The data -
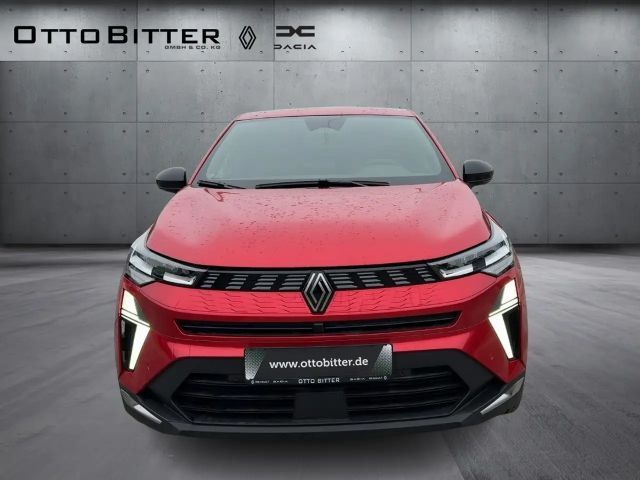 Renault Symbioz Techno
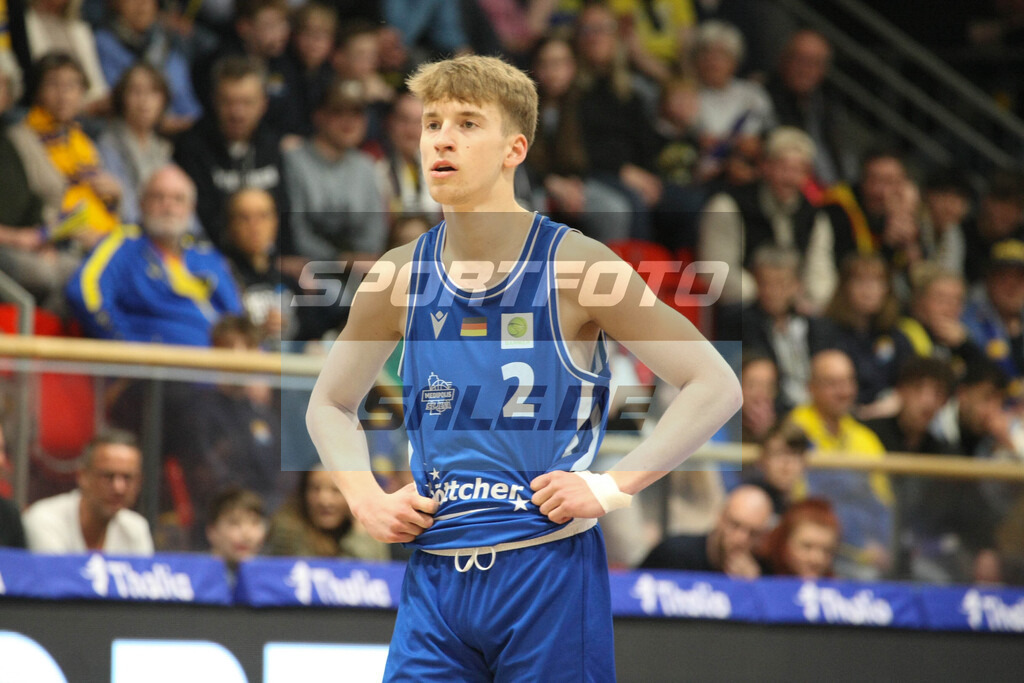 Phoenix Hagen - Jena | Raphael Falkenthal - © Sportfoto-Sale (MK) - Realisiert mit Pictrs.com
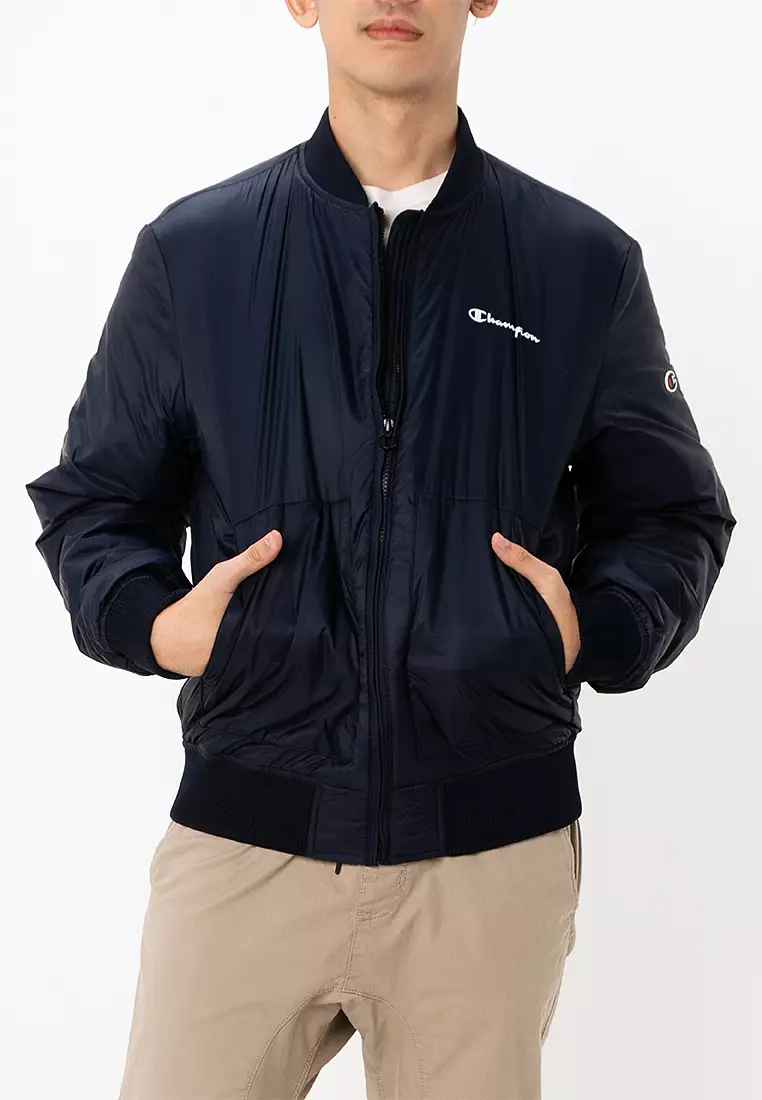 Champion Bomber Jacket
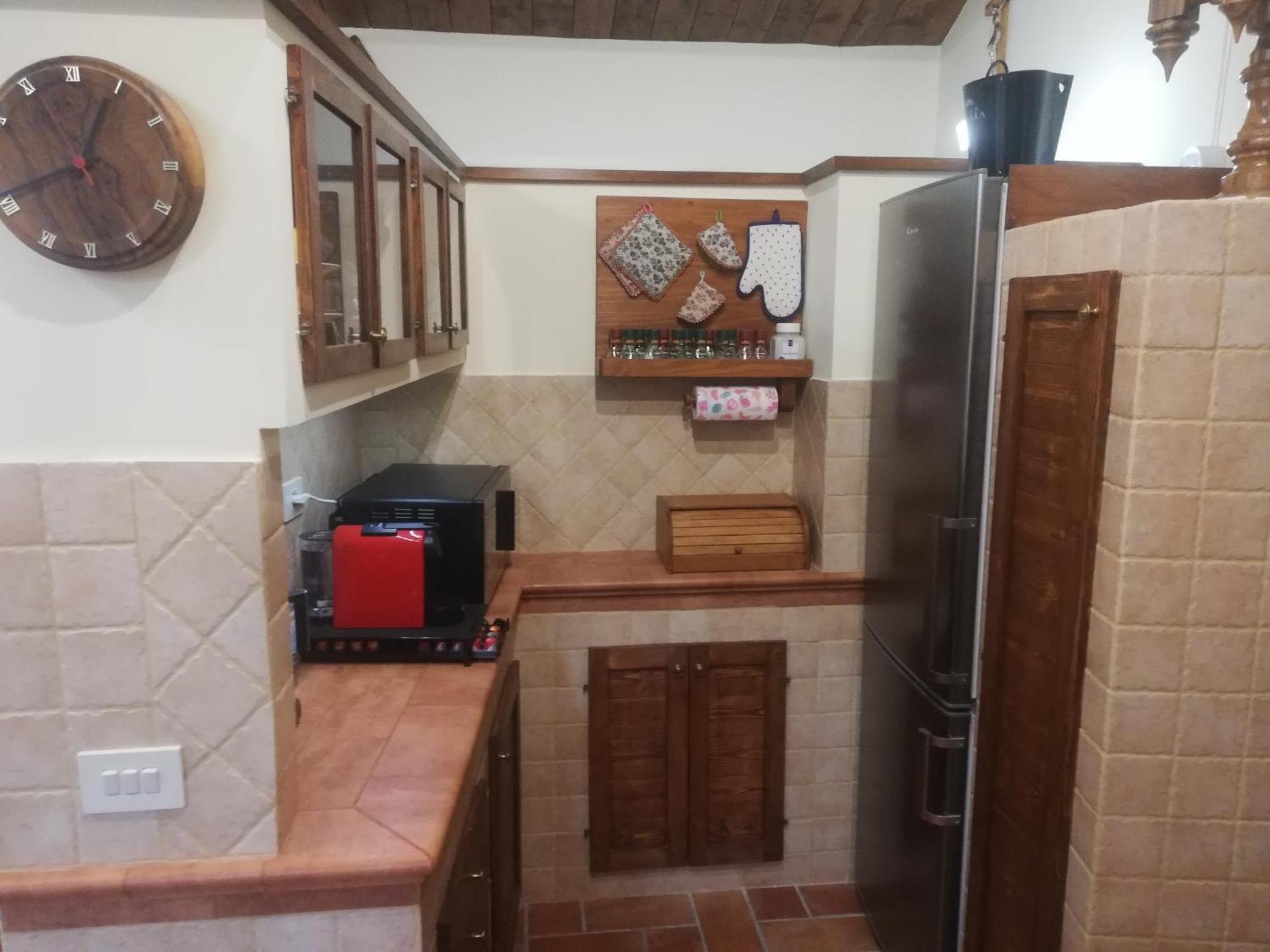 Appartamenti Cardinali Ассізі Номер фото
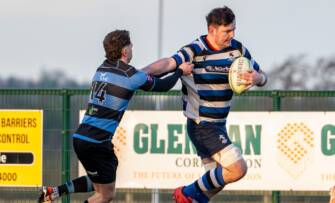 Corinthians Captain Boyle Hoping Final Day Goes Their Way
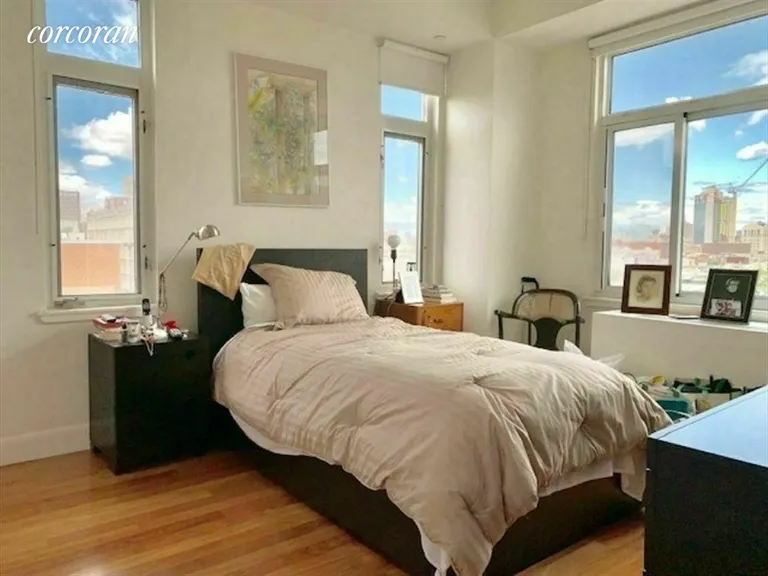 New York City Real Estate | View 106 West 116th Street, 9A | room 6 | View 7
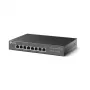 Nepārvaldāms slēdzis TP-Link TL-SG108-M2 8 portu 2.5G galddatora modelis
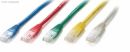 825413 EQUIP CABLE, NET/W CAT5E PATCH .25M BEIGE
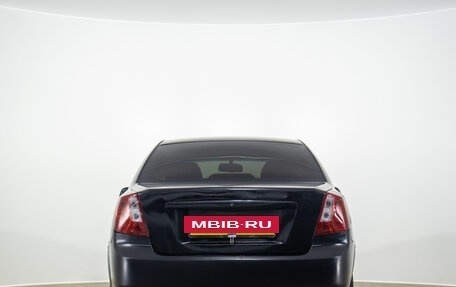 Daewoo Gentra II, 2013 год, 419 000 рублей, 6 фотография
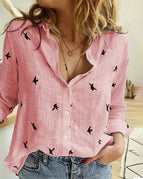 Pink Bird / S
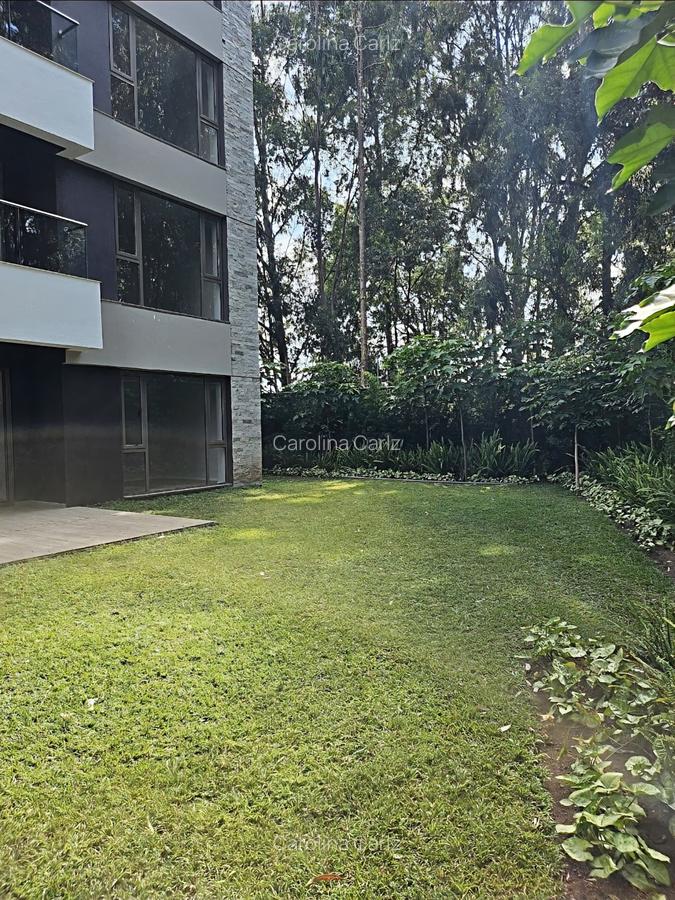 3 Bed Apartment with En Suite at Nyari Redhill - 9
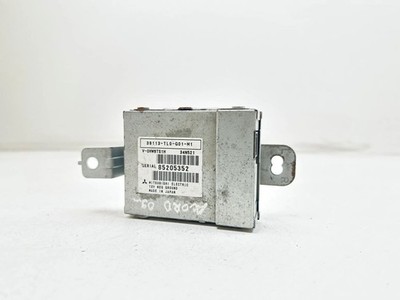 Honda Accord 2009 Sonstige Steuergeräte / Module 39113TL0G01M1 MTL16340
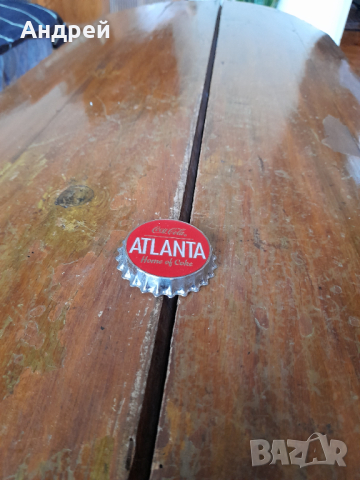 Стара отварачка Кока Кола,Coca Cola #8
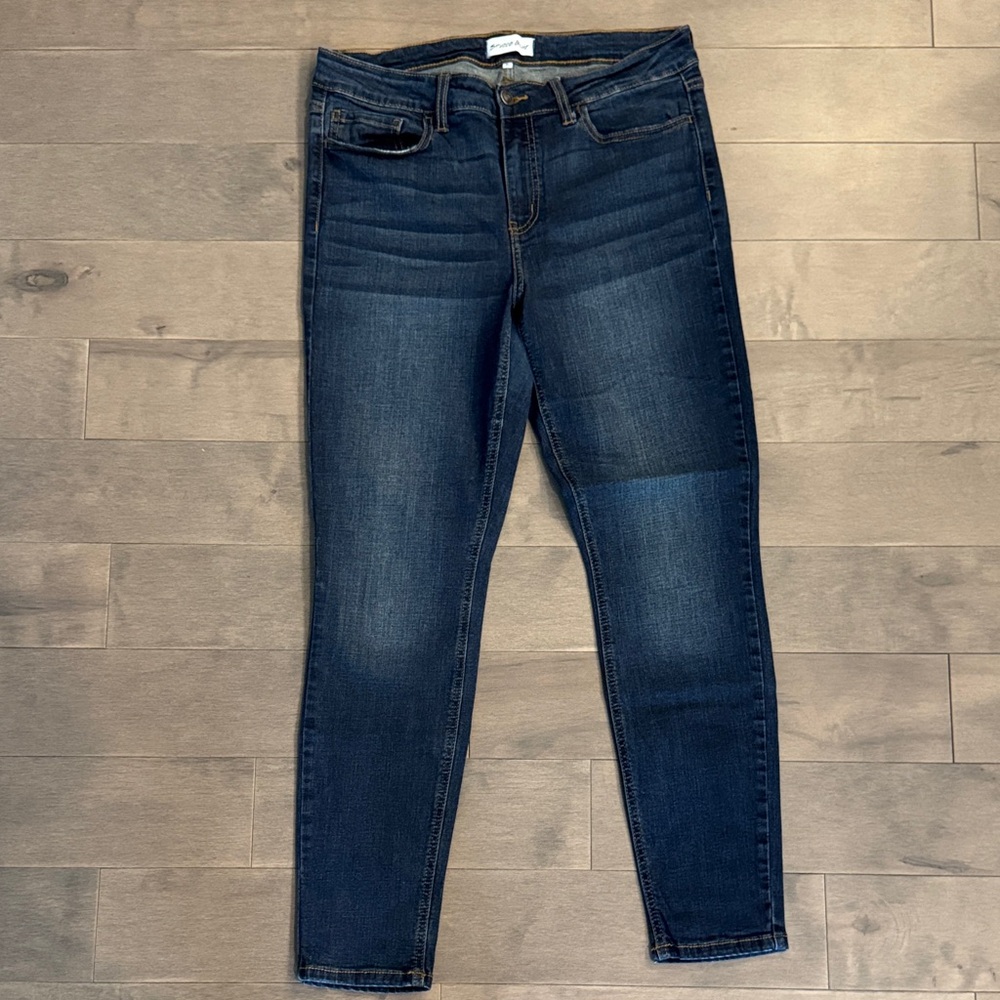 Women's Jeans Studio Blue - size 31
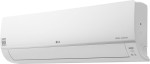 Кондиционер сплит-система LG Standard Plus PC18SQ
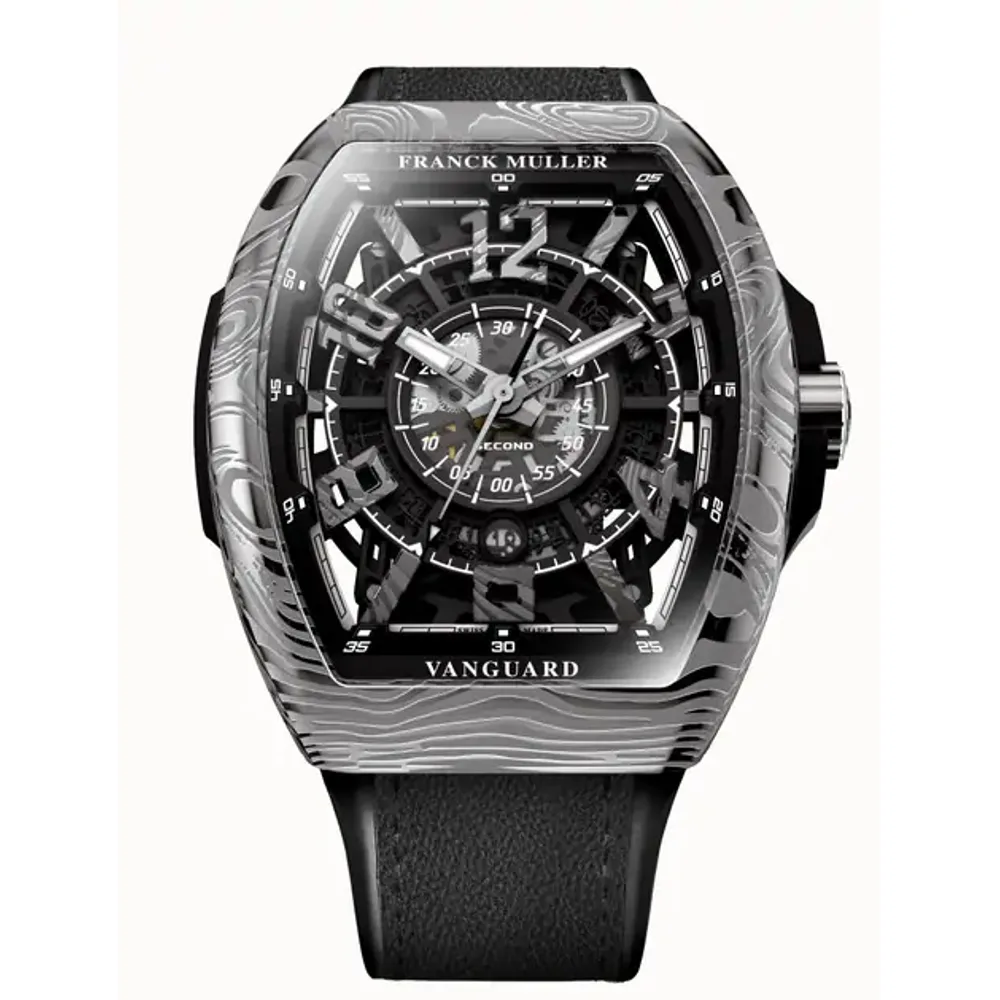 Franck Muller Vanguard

Problem requirements - Please give again only those lines that run from the one containing "New York City" through the final line of the listing, both included, exactly as written and without pictures.

Exercise answer -
 New York City Real Estate | View 106 West 116th Street, 9A | room 6 | View 7
 Nepārvaldāms slēdzis TP-Link TL-SG108-M2 8 portu 2.5G galddatora modelis
 825413 EQUIP CABLE, NET/W CAT5E PATCH .25M BEIGE
 Daewoo Gentra II, 2013 год, 419 000 рублей, 6 фотография
 Pink Bird / S
 3 Bed Apartment with En Suite at Nyari Redhill - 9
 Honda Accord 2009 Sonstige Steuergeräte / Module 39113TL0G01M1 MTL16340
 Стара отварачка Кока Кола,Coca Cola #8
 Women's Jeans Studio Blue - size 31
 Кондиционер сплит-система LG Standard Plus PC18SQ
 Franck Muller Vanguard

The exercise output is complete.